OpenCAPI Folds into CXL

cxl logoI wrote about CXL in my post Interconnect Beyond PCIe: CXL and Cache Coherent Interconnect. Both OpenCAPI and CXL are standards for cache-coherent interconnect to link up multiple processors, accelerators, and memories. OpenCAPI predated CXL by several years and was initially backed by AMD, Xilinx, and IBM. However, it only seems to have been used in anger in the IBM Power9 family. Anyway, at the recent Flash Memory Summit, OpenCAPI threw in the towel and donated its assets to the CXL Consortium. There is obviously a strong desire on the part of the whole industry to only have one standard, and that one standard is going to be CXL.

CXL also announced the new iteration of the standard, CXL 3.0, which piggybacks on PCIe 6.0. It will take the transfer rate up to 64GT/s. This also means that this version switches from NRZ to PAM4. See my posts The History of PCIe: Getting to Version 6 and Signal Integrity for 112G (which includes a detailed introduction to PAM4).

V2V Turns Out to Be V2nothing

One thing that there has been a lot of discussions about in autonomous vehicles was V2V (vehicle-to-vehicle), actually named DSRC. This was something dreamed up by the existing car companies. They persuaded the FCC to allocate spectrum for it (in 1999).

I wrote about this briefly in my post DesignCon 2019:

One automotive standard that has been around for a long time is DSRC. This stands for Dedicated Short Range Communication. Although it has been around for a long time, it has not been widely deployed. Robert was told by one car manufacturer that "We're waiting for everyone else to put it in, and then we'll put it in." In fact, it has been so narrowly deployed that now governments want the spectrum back! In fact, there is no need to duplicate 5G with DSRC, so I suspect that DSRC will fade away.
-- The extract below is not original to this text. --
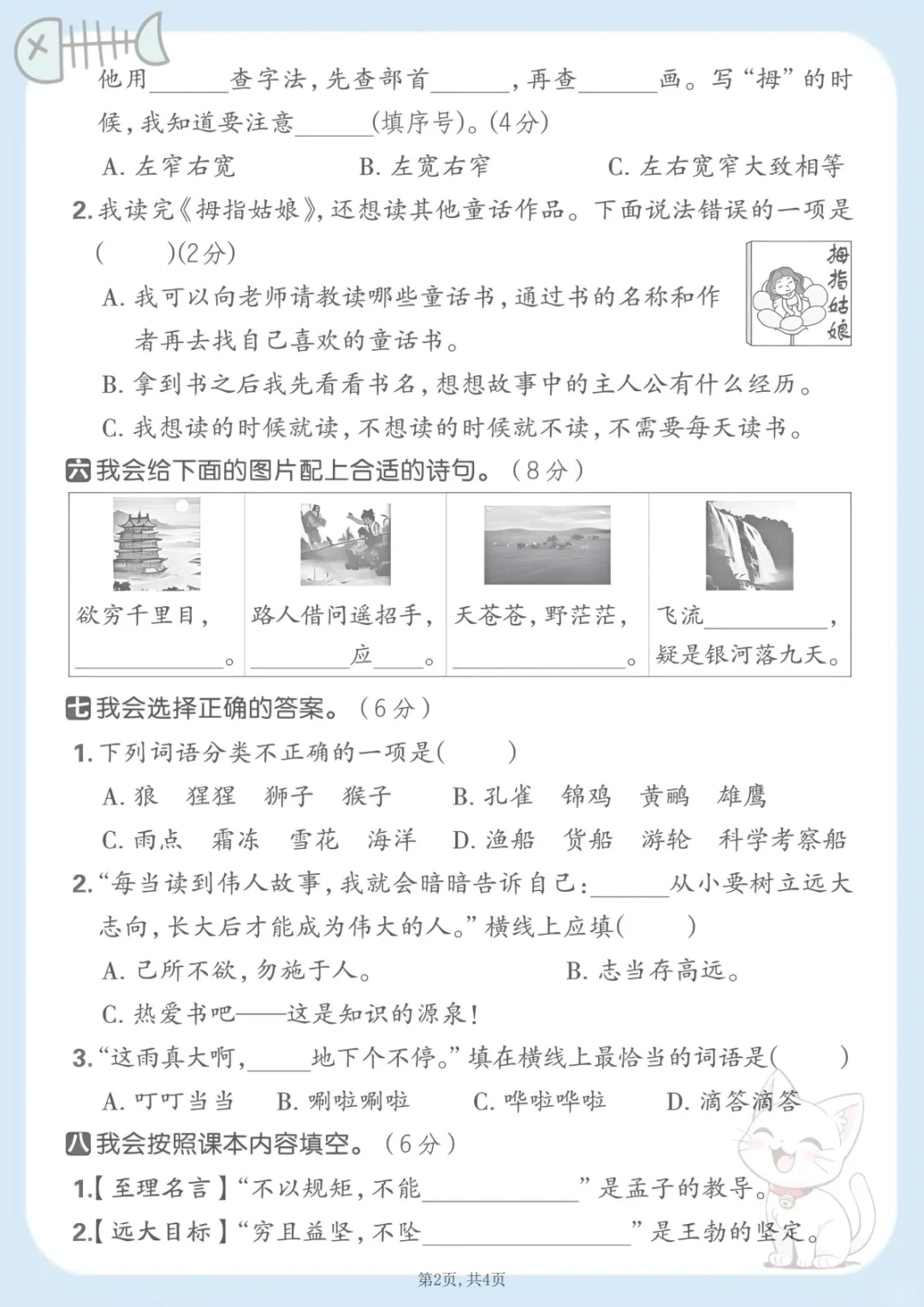 25年二年级上册语文期末真题精选卷,电子版可打印 第2张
That prediction turned out to be true. As stated in The auto industry lost its spectrum fight with the FCC because V2V was always a fantasy:

Today, the DC circuit court released its decision, siding with the Federal Communications Commission, on its reallocation of part of the 5.9GHz band. It’s a big win for the FCC and a big loss for the auto industry, which has promised to use the airwaves to improve safety through a technology called “vehicle-to-vehicle” (V2V) or “vehicle-to-everything” (V2X) communication. The problem, as hilariously put by Judge Justin Walker in his opinion, is that this technology has never really existed. It was one of those “just around the corner”-type innovations that has always been promised but never actually delivered. It was a fantasy, and today, the court’s basically said as much.

EE Times 50th Anniversary

As of August 1st, EE Times has a new editor-in-chief, Brett Brune. You can listen to an interview with him (or read the transcript on the same page).

ee times mastheadIt is also the 50th Anniversary of EE Times this year. In the heyday of magazines printed on paper, it was the weekly must-read for anyone in the semiconductor and EDA industries. Every marketing person in EDA with a new product release wanted to get onto the front page of EE Times. The main gatekeeper for that for many years was Richard Goering, my predecessor here at Cadence as the main internal journalist. Richard covered EDA from when it didn't even exist until 2007. But he told me he had no more idea as to what would be on the front page of EE Times (his article or someone else's) than I did.

As part of the 50-year celebration, Malcolm Penn has written a three part series going back over those 50 years. It is well worth a read:

  • The Roots of Silicon Valley, Part 1: Founders, Legend, Legacy
  • The Roots of Silicon Valley, Part 2: Planar Technology, The Fairchildren
  • The Roots of Silicon Valley, Part 3: Startup Fever and Venture Capital

There will be other 50th Anniversary specials during the rest of the year. I can't find an image of the first issue, nor even the original date of publication. Even Wikipedia can't do better than 1972.